Je fus sorti de mes pensées par la sonnerie de mon téléphone. Je me place face à mon bureau, je souffle et décroche le combiné, imposant à ma voix un ton léger, qui n'est pas du tout en accord avec mon état d'esprit.

- allô !

- Carlisle !

- Bella, alors racontes-moi.

- eh bien, après avoir bafouillé pour donner mon nom et mon prénom, je me suis dit « allé ma vieille », et je pense que j'ai fait du mieux possible.

- tu as les résultats quand ?

- j'attends, ils doivent les afficher. Edward est parti voir le tableau d'affichage.

- tu le sens comment.

- j'ai envie de dire bien, mais on ne sait jamais.

- ils t'ont posé quels genres questions.

- en premier sur l'anatomie.

- alors.

- pas de problème.

- bien, et ?

- les protocoles, l'histoire de l'embaumement.

- tu as pu t'en sortir ?

- j'ai fait l'historique, parlant de l'Egypte, mais aussi de la Chine. J'ai repensé à l'une de nos conversations sur la momie de Sing-Jui, et le fait qu'elle est à l'heure la mieux conservée. Je ne me suis pas trop étendu sur les différences entre les deux méthodes. J'ai simplement indiqué que son corps était entouré de 20 couches de draps de soie et enterrée très profond pour la tenir au frais.

- c'est bien ma grande.

- j'ai aussi parlé de l'Embaumements modernes.

- oui ?

- j'ai bien spécifié que le terme ne correspondait pas vraiment à la technique, vu que la conservation de courte durée se fait dans des frigos positifs et en négatif pour les longues conservations, celle que notre métier emploie..

- tu me fais un court ma chérie.

- non, désolée, ris-t-elle, je suis en train de me refaire le film à l'envers.

- je me moque de toi.

- oh, oh, oh, Edward arrive. Il fait une drôle de tête. Alors ?

Je sais que ce n'est plus à moi qu'elle s'adresse. J'entends la voix de mon fils, sans en comprendre le sens, jusqu'à ce que Bella se mette à hurler.

- Carlisle, je l'ai, je l'ai, je l'ai.

- bravo ma grande, et qu'elle note.

- mention très bien, ils ont mis en commentaire : doit prendre conscience de ses capacités et faire confiance à son esprit d'analyse.
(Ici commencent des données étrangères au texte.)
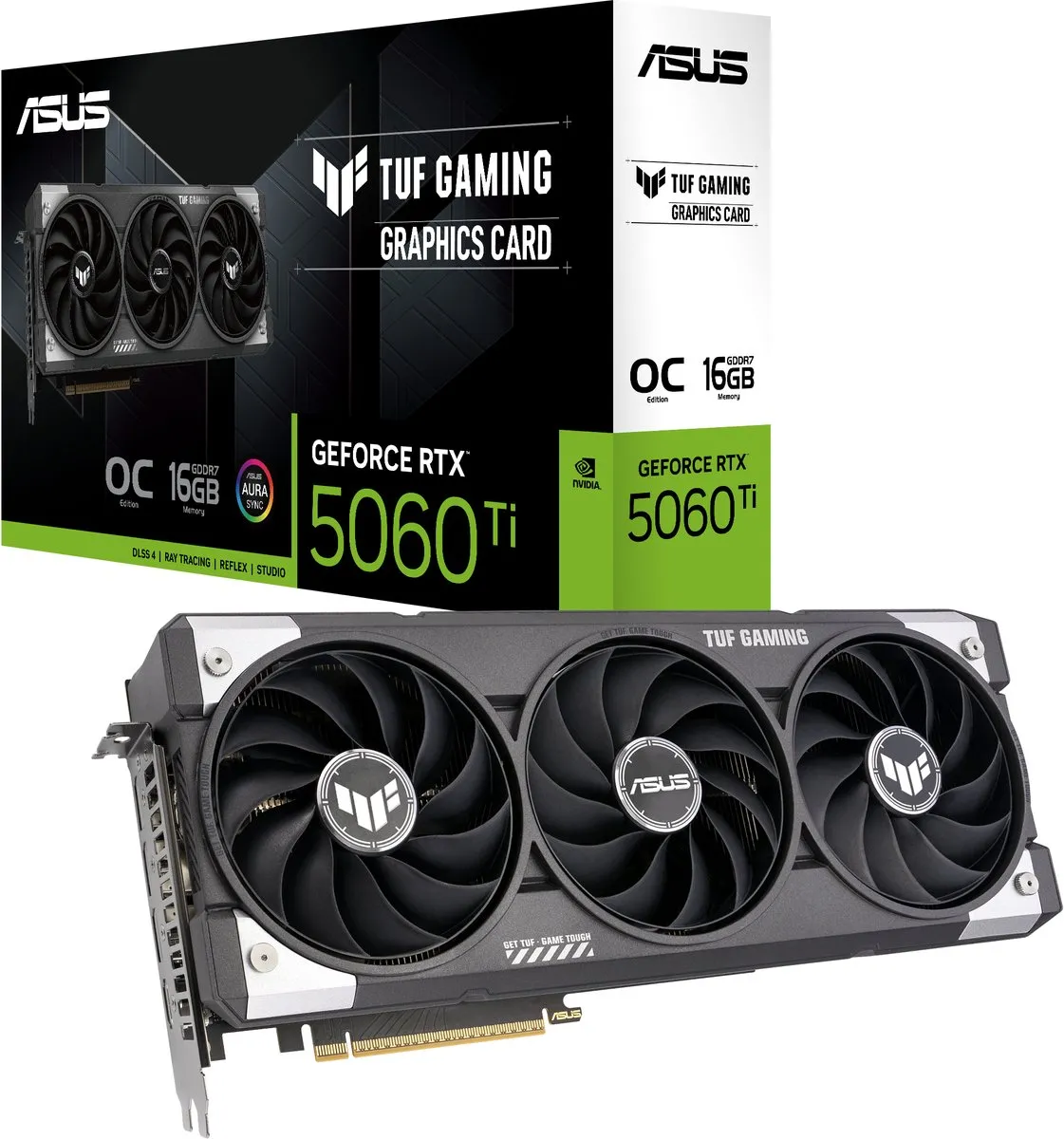 ASUS TUF GeForce RTX 5060 Ti OC 16GB - Zwart - afbeelding 6 van 6
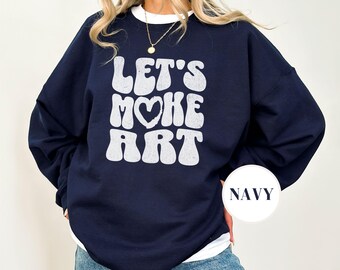 Sudadera retro para amantes del arte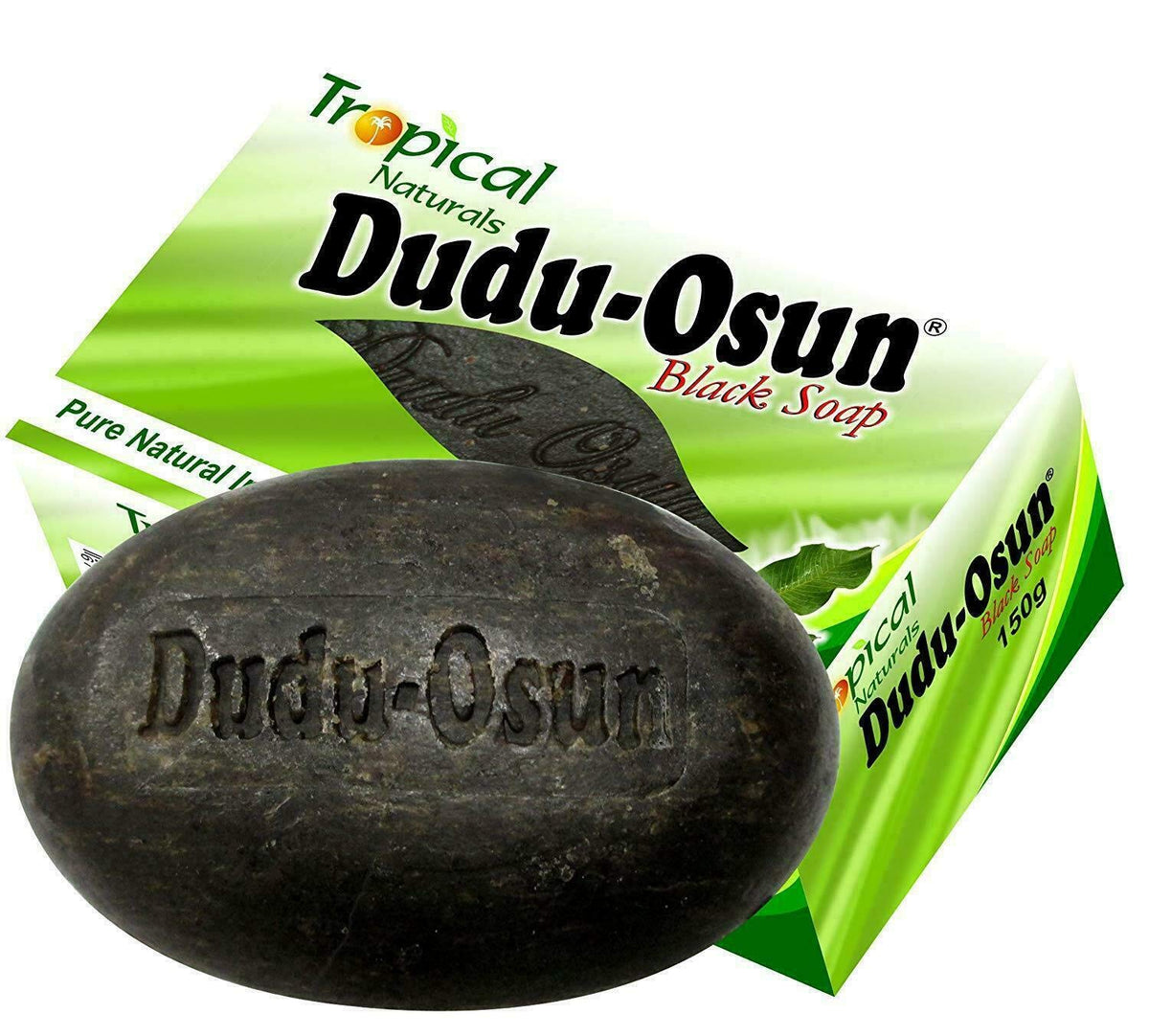 Dudu-Osun bar close-up texture highlighting natural grain and color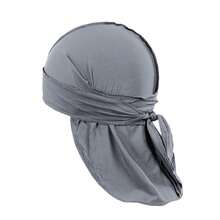 Jordefano 18 Pack Mens Durags Stylish Waves Doo Rag Tail And Headscarf - Grey - View 1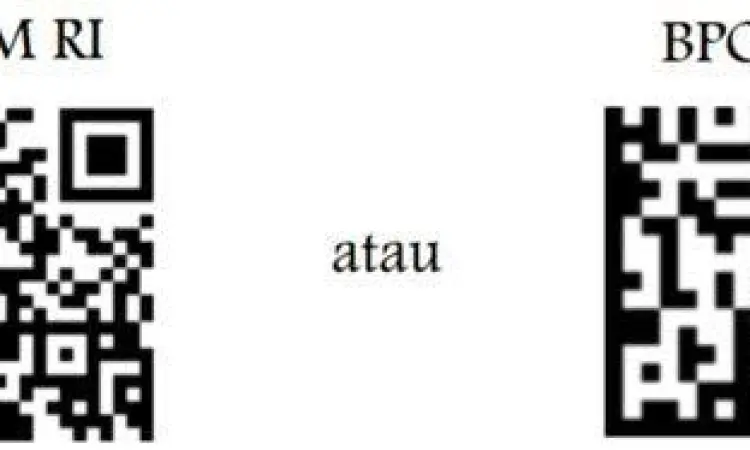 Contoh penempatan barcode dan nomor BPOM pada kemasan kosmetik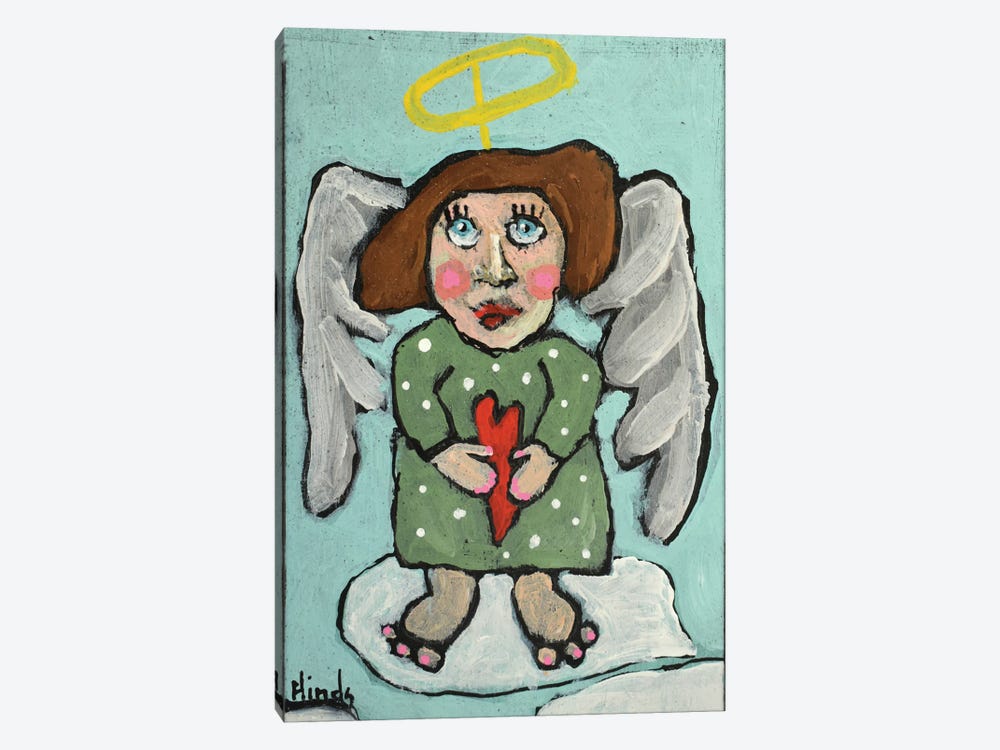 Guardian Angel - XII by David Hinds 1-piece Canvas Wall Art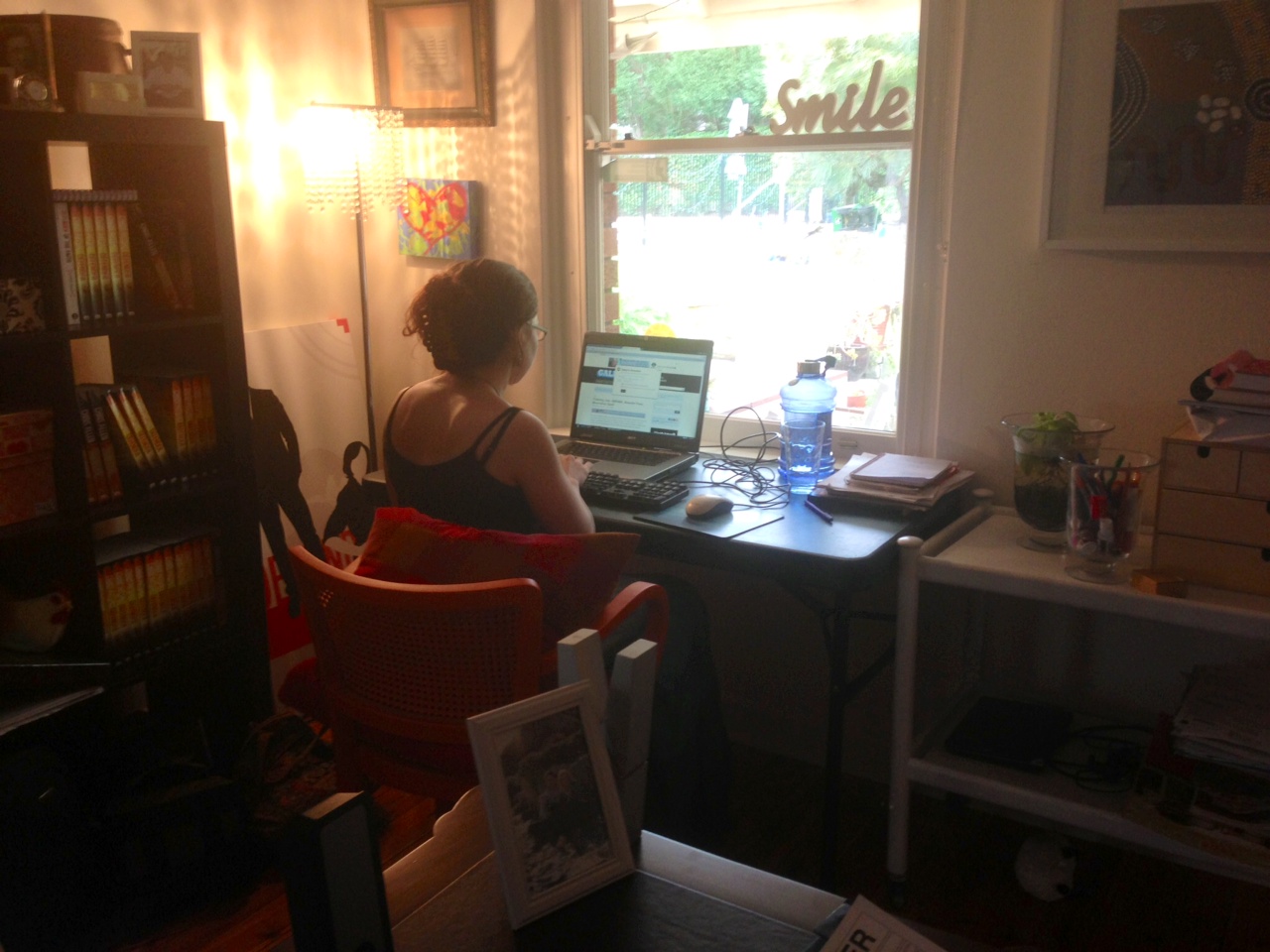 Julie aka JAG the superstar intern gets busy writing up a storm!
- tu vois que j'avais raison.

- oui, merci Carlisle, pour tout, je n'aurais pas pu avoir un meilleur prof.

- et moi, meilleure élève.

- je dois raccrocher, votre fils ne . . .

Elle n'a pas le temps de finir sa phrase que déjà, la tonalité se fait entendre. Je n'ai plus personne à l'autre bout de la ligne.